Le Wall Street Journal, qui avait été le premier média à obtenir ces documents, en avait aussi parlé le mois dernier.

Les documents en question ne révèlent pas juste que Facebook peut mesurer la vitesse à laquelle une fausse information se répand ou l’ampleur qu’elle peut atteindre. La compagnie est capable d’identifier ceux qu’on a appelé les « super-propagateurs ». Une étude interne suggère qu’il serait théoriquement possible de cibler un nombre relativement petit de désinformateurs pour avoir un impact sur la quantité de désinformation en circulation. Il n’est pas clair si la suggestion a été suivie: lorsqu’en mars dernier, un organisme militant américain, le Center for Countering Digital Hate, avait identifié 12 « super-propagateurs », l’idée de bloquer ces usagers avait été mise en doute par la direction. En août, la compagnie a tout au plus dénoncé les « failles » de l’étude, sans dire que ses propres recherches à l’interne confirmaient qu’un petit pourcentage de gens était responsable d’un fort pourcentage de désinformation.

Il est même possible que les nouvelles icônes ajoutées au « j’aime » et au « partager » amplifient le problème. Dans une étude sur ces désinformateurs les plus actifs, des employés ont noté que les commentaires antivaccins partent avec une longueur d’avance: ils sont renforcés dans l’algorithme par des « j’aime » et des « j’adore », alors que les usagers qui se risquent à émettre un commentaire favorable aux vaccins sont accueillis par les icônes « colère », « triste » ou moqueuses (« ha ha »), lesquelles ont pour conséquence de diminuer la valeur qu’acquiert le commentaire dans l’algorithme.

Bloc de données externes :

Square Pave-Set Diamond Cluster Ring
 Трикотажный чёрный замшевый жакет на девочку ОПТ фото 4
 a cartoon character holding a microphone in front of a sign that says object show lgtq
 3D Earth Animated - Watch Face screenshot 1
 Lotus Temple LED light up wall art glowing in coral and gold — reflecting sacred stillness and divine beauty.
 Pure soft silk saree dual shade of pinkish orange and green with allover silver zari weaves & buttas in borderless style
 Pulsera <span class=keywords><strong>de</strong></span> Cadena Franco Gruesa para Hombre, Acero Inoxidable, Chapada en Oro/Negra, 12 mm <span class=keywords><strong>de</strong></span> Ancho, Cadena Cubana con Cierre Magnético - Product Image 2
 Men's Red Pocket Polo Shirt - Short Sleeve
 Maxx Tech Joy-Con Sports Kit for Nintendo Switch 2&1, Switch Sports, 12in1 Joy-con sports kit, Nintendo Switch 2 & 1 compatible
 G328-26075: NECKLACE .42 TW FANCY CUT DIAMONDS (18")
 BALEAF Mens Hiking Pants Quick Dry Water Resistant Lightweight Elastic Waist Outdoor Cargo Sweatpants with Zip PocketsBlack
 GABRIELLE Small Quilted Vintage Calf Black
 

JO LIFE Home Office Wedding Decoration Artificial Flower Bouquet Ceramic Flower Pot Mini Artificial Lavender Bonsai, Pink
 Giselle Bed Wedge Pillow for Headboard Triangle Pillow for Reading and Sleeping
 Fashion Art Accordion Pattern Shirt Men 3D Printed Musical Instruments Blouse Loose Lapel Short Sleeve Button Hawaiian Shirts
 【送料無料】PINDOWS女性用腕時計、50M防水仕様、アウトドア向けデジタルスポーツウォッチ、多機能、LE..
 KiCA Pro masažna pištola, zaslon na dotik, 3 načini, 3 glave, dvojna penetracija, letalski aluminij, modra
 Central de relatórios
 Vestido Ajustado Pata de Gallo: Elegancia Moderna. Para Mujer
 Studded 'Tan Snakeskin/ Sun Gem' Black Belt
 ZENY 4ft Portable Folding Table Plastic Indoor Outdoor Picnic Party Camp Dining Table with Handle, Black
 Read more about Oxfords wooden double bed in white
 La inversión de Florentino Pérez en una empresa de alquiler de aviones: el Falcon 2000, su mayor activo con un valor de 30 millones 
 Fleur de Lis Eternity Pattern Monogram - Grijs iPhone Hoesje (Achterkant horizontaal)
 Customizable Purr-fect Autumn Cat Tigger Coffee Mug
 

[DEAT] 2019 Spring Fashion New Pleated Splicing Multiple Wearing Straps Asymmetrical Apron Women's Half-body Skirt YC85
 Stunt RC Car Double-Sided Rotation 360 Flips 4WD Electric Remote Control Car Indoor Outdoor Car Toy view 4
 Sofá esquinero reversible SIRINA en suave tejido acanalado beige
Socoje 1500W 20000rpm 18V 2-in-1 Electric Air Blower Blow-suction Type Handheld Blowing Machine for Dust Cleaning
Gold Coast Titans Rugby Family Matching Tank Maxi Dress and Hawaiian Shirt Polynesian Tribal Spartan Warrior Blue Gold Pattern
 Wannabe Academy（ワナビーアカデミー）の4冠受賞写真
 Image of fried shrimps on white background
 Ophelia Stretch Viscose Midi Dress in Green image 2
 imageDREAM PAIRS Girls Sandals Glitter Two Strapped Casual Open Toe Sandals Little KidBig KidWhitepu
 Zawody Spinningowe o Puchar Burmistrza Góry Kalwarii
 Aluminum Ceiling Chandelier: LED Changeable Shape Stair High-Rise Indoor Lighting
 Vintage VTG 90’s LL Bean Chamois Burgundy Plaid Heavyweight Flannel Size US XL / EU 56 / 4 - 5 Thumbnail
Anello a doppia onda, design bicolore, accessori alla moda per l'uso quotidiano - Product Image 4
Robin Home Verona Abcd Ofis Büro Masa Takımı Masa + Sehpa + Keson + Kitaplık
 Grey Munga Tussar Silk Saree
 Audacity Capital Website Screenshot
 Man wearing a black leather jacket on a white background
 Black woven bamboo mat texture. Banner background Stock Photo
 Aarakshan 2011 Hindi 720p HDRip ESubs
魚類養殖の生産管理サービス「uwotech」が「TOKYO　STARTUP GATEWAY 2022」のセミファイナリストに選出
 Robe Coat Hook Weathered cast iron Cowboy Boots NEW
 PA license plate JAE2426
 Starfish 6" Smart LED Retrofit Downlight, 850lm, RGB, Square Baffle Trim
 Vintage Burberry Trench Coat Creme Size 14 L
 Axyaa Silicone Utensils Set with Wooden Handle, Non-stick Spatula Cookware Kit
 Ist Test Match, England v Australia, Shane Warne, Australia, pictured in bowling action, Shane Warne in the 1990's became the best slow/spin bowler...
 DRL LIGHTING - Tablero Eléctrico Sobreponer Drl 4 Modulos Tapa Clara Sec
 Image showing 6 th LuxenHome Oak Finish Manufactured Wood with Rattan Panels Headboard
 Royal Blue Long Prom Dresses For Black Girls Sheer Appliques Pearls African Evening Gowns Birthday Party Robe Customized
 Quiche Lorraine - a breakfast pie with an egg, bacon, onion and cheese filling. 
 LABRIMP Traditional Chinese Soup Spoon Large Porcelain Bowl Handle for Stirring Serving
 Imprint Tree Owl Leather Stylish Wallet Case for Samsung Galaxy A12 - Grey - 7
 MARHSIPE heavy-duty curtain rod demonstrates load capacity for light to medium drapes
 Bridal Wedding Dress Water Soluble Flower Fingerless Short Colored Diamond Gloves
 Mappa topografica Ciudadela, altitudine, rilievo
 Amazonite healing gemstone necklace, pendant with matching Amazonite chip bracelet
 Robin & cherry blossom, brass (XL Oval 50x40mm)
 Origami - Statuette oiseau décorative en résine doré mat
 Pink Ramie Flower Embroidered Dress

La possibilité de voir un message de santé publique être carrément détourné par une armée de commentateurs hostiles n’a pas échappé aux organismes de santé: un rapport interne de mars 2021 note que des acteurs comme l’UNICEF et l’OMS « n’utiliseront pas les espaces publicitaires gratuits que nous leur offrons pour promouvoir du contenu pro-vaccin, parce qu’ils ne veulent pas encourager les commentaires antivaccins qui submergent leurs Pages ».

On se rappellera que, en août dernier, on avait appris que Facebook avait négligé de rendre public son rapport sur les nouvelles les plus partagées du premier trimestre 2021, parce que la nouvelle la plus populaire était une fausse nouvelle sur le vaccin. Il avait fallu un reportage du New York Times pour obtenir le document.